Ahead of the vote, dozens of lawmakers, including Democratic leaders and members of the ultraconservative House Freedom Caucus, said they would reject the bill.

“We are prepared to support any serious, bipartisan effort in connection with the special relationship between the United States and Israel,” House Minority Leader Hakeem Jeffries (N.Y.), Democratic whip Katherine Clark (Mass.), and Democratic Caucus Chair Pete Aguilar (Calif.) wrote in a “Dear Colleague” memo Tuesday ahead of the vote.

But the stand-alone legislation “is not being offered in good faith,” they said. “Rather, it is a nakedly obvious and cynical attempt by MAGA extremists to undermine the possibility of a comprehensive, bipartisan funding package that addresses America’s national security challenges in the Middle East, Ukraine, the Indo-Pacific region and throughout the world.”

It’s unclear how lawmakers will proceed.

National security experts and Ukraine advocates on Capitol Hill have warned for months that fresh military assistance for Kyiv is perhaps the most critical priority contained in the emergency spending package Biden proposed months ago. It is also the most endangered, as more Republican lawmakers cite skeptical voters for their fading willingness to help the embattled former Soviet republic.

Lawmakers from both parties also have long complained about America’s immigration system, with the Senate-brokered deal representing one of the most significant bipartisan reform efforts in decades.

On Tuesday, Senate Minority Leader Mitch McConnell (R-Ky.) said the Republican conference had concluded there was “no real chance here” to turn the larger national security bill with its negotiated border deal into law, given Johnson’s opposition. In a startling pivot, McConnell and several other Senate Republicans — who said weeks ago that they would not approve Ukraine aid and other national security funding without a border deal — suggested instead that they might proceed with a bill to aid Israel, Ukraine and Taiwan but that now excludes border provisions.

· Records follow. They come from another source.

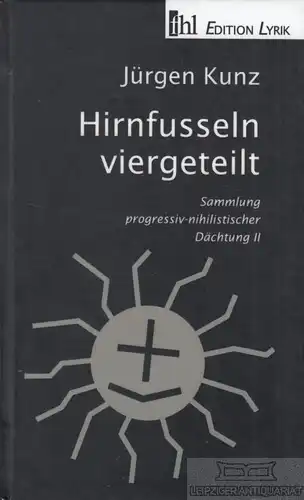 Buch: Hirnfusseln viergeteilt, Kunz, Jürgen. 2012, fhl Verlag, gebraucht, gut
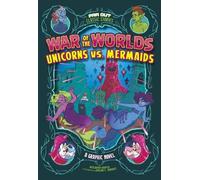 Benjamin Harper War of the Worlds Unicorns vs. Mermaids (Copertina rigida)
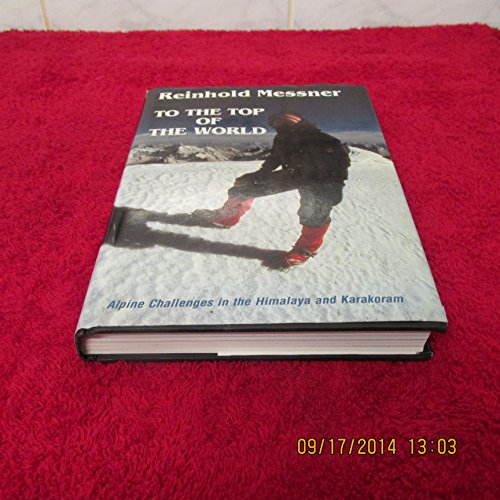 Stock image for To the Top of the World: Alpine Challenges in the Himalaya and Karakoram for sale by WorldofBooks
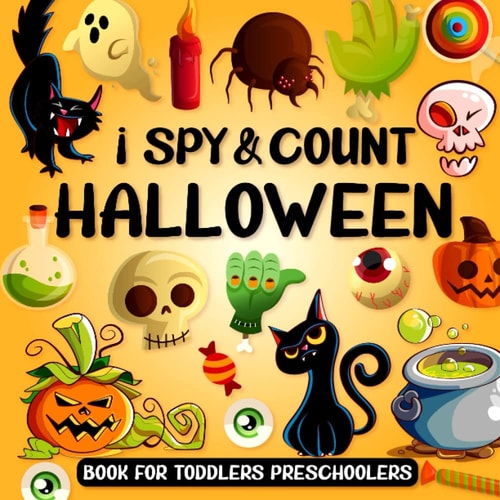 I Spy and Count Halloween Book for Toddlers Preschoolers: Fun Educational ABC Guessing & Counting Game, Picture Puzzle Book For Boys And Girls | Alphabet And Number Practice Workbook
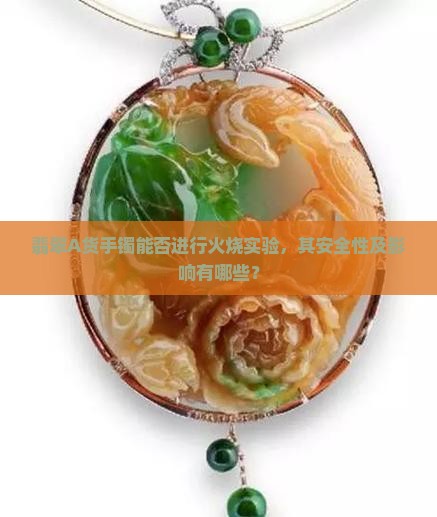 翡翠A货手镯能否进行火烧实验，其安全性及影响有哪些？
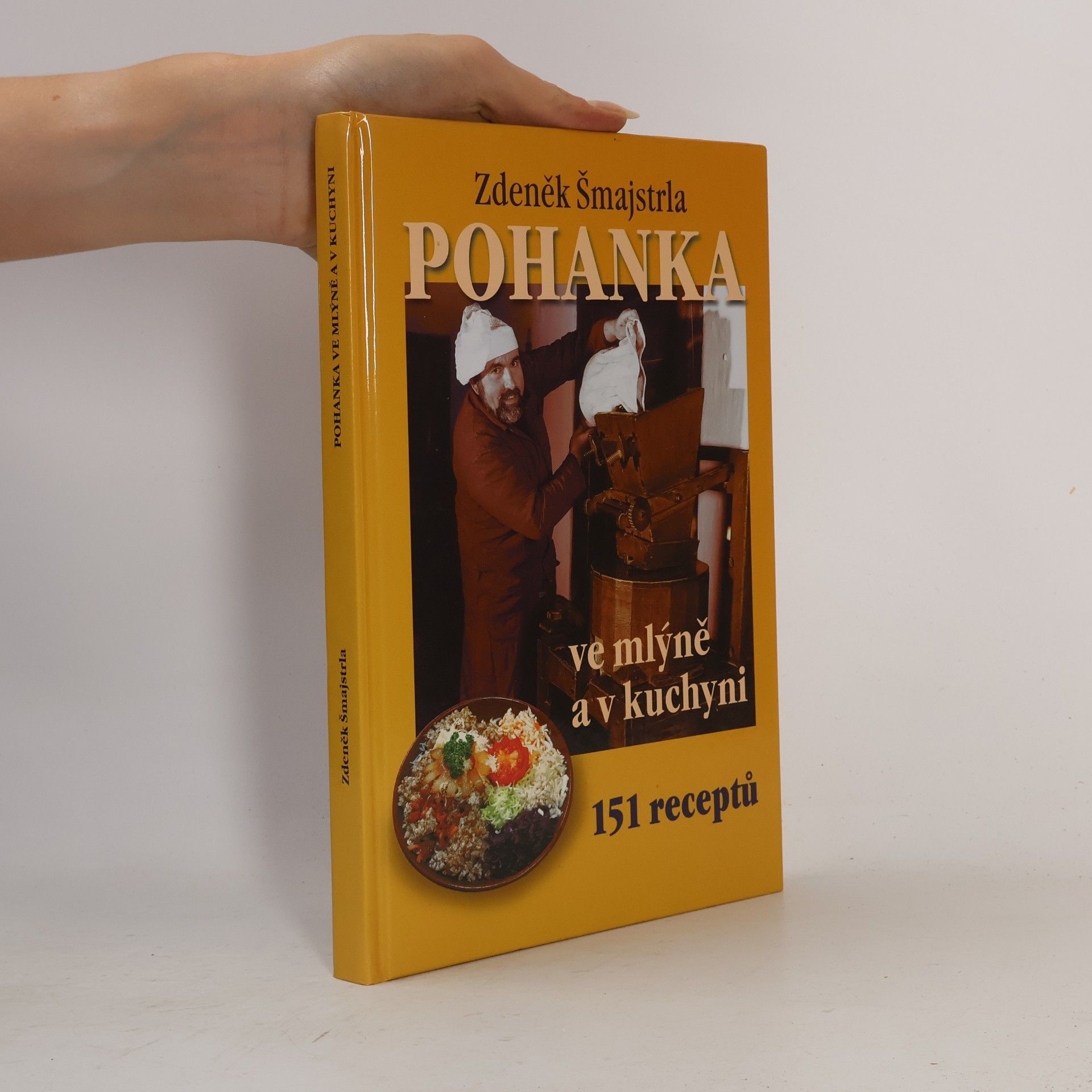 Zdeněk Šmajstrla Pohanka ve mlýně a v kuchyni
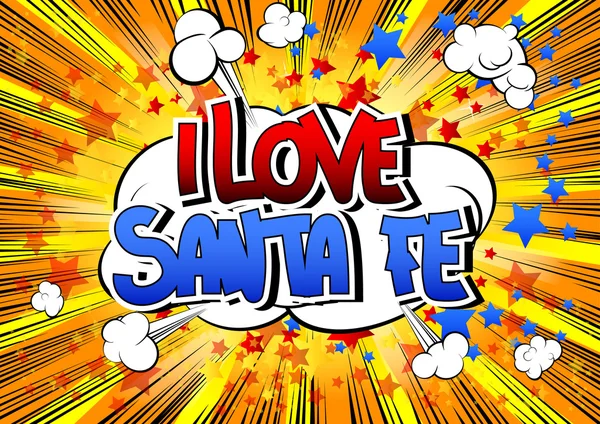 Ik Love Santa Fe - Comic book stijl word — Stockvector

Several other Republicans, including Sens. Lindsey O. Graham (S.C.) and Todd Young (Ind.) also voiced support for the idea.

McConnell said it was up to Senate Majority Leader Charles E. Schumer (D-N.Y.) to decide how to “repackage” the Senate bill after the vote on it likely fails Wednesday.

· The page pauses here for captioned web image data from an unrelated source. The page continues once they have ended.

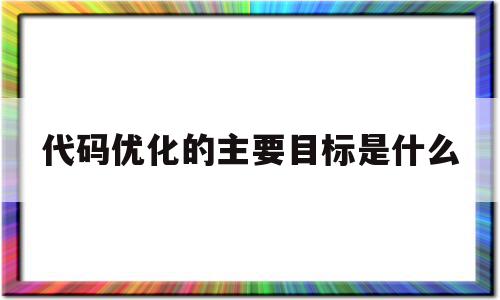 代码优化的主要目标是什么(代码优化的主要目标是什么意思),代码优化的主要目标是什么(代码优化的主要目标是什么意思),代码优化的主要目标是什么,信息,文章,百度,第1张
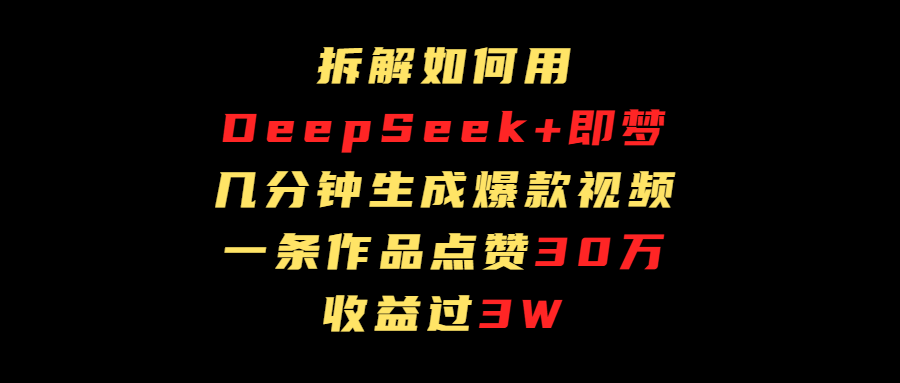 拆解如何用deep seek+即梦做爆款短视频，一条作品收益过3万网赚项目-副业赚钱-互联网创业-资源整合众享汇研习社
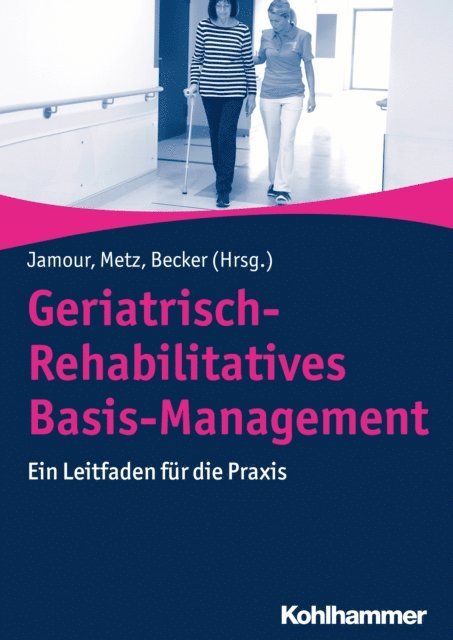 Brigitte R. Metz, Michael Jamour, Clemens Becker - Geriatrisch-Rehabilitatives Basis-Management, E-bok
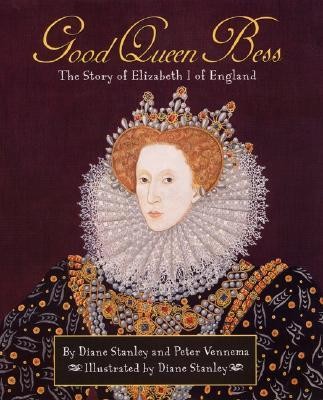 Cover of Good Queen Bess: The Story of Elizabeth I of England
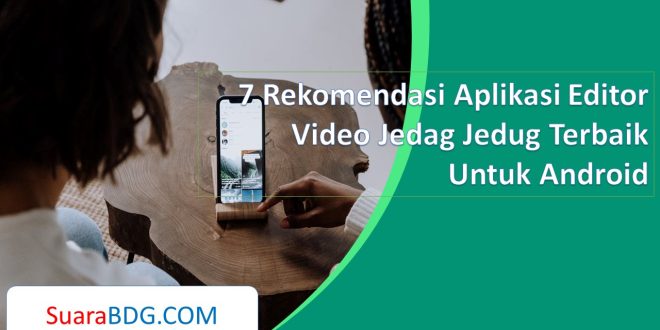 7 Rekomendasi Aplikasi Editor Video Jedag Jedug Terbaik Untuk Android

Schumer did not directly rule out the proposal, but said Democrats were angry and frustrated with Republicans’ about-face on a deal the GOP had explicitly requested. Johnson, too, initially opposed the idea of moving on Ukraine funding without significant reforms to border policy.

“They just don’t have the backbone, the guts, the spine to resist the blandishments of Trump, even when they know he’s wrong,” Schumer said at a news conference Tuesday.